Im Rahmen der linearen Beurteilung der Deutschen Holsteins ist eines der Beurteilungskriterien die Trachtenhöhe. Die adspektorische Beurteilung der Klauen erfolgt von der Seite. Es werden keine angestrebten Längenmaße vorgegeben, sondern anhand eines linearen Beschreibungssystems die Ziffern 1 bis 9 vergeben. Eine flache Klaue bekommt die kleinste Ziffer 1, die häufigste Ausprägung der Trachtenhöhe in der Population der Deutschen Holsteins die 5 und entsprechend erhält eine hohe Trachtenwand die höchste zu vergebene Ziffer 9. Diese Methode hat den Vorteil, dass sie schnell und ohne großen zusätzlichen Aufwand durchgeführt werden kann, sie verfügt allerdings gegenüber der Erfassung von messbaren Klauenmaßen bei ungeübten Personen über eine geringere Objektivität (UTZ

1998a).

Die Exterieurmerkmale werden je nach Zuchtverband in unterschiedlich definierten Hauptmerkmalen zusammengefasst. Bei den Deutschen Holsteins sind dies Milchtyp, Körper, Fundament und Euter. Eine ausführliche Darstellung der unterschiedlichen Bewertungssysteme findet sich bei UTZ (1998b). Neben den Deutschen Holstein Züchtern führten auch die Arbeitsgemeinschaft Süddeutscher Rinderzuchtverbände für die dort verbreiteten Rassen, wie Deutsches Fleckvieh, Deutsches Braunvieh oder Deutsches Gelbvieh, lineare Beschreibungssysteme in leicht abgewandelter Form ein. Je nach Rinderrasse unterscheiden sich die Beschreibungssysteme in einzelnen Merkmalen, doch die Beschreibung des Rahmens, des Beckens, der Stellung der Gliedmaßen und des Euters ist regelmäßig vertreten. Die Weiterentwicklung der Exterieurbeurteilungssysteme in den letzten Jahren in Europa und Nordamerika unterstreicht den Stellenwert, den das Exterieur in der Rinderzucht einnimmt (UTZ 1998b).

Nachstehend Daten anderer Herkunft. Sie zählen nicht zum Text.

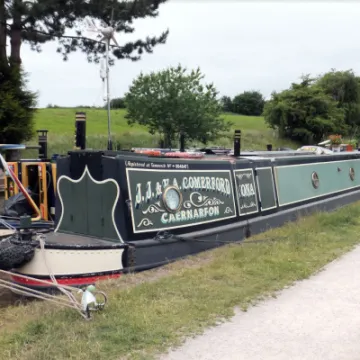 Screen Shot 2022-06-19 at 11-31-49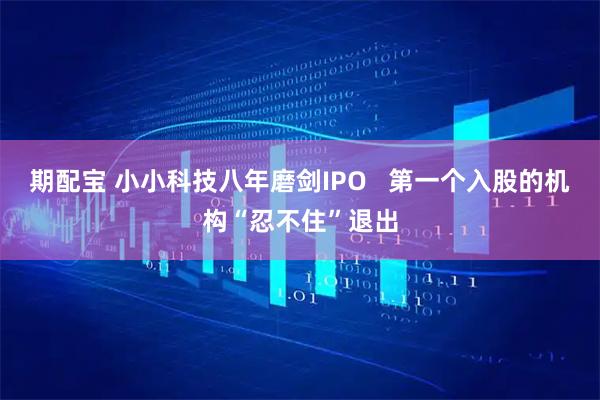 期配宝 小小科技八年磨剑IPO   第一个入股的机构“忍不住”退出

Die Stellung der Gliedmaßen und die Form der Klauen hat auch im veterinärmedizinischen Bereich eine gewisse Bedeutung. DIRKSEN (1978) beschrieb die Zehenachse als eine gedachte Linie durch die Mitte der drei Zehenknochen (Klauen-, Kron- und Fesselbein), welche von vorne gesehen senkrecht verlaufen sollte. Infolge Vernachlässigung der regelmäßigen Klauenpflege, zu langsamer oder ungleichmäßiger Abnutzung des Hornes, Ernährungsstörungen, Klauenkrankheiten oder Stellungsanomalien der Gliedmaßen können sich Formveränderungen des Hornschuhs entwickeln, die gemeinhin als Stallklauen

bezeichnet werden. Diese treten jedoch in der Regel erst bei Kühen und nicht beim jungen Rind auf (DIRKSEN 1990). Vereinzelt beobachtete DIRKSEN (1978) im Alter von zwei Jahren Anfänge der erblichen Form der Zwangsklauenbildung. Bereits zu einem früheren Zeitpunkt kann es zu Veränderungen im Sinne der Spreizklauenbildung kommen, diese sind jedoch auf eine Schwächung des Bandapparates der Zehenknochen zurückzuführen und somit strenggenommen keine Formveränderung des Klauenschuhs(DIRKSEN 1978).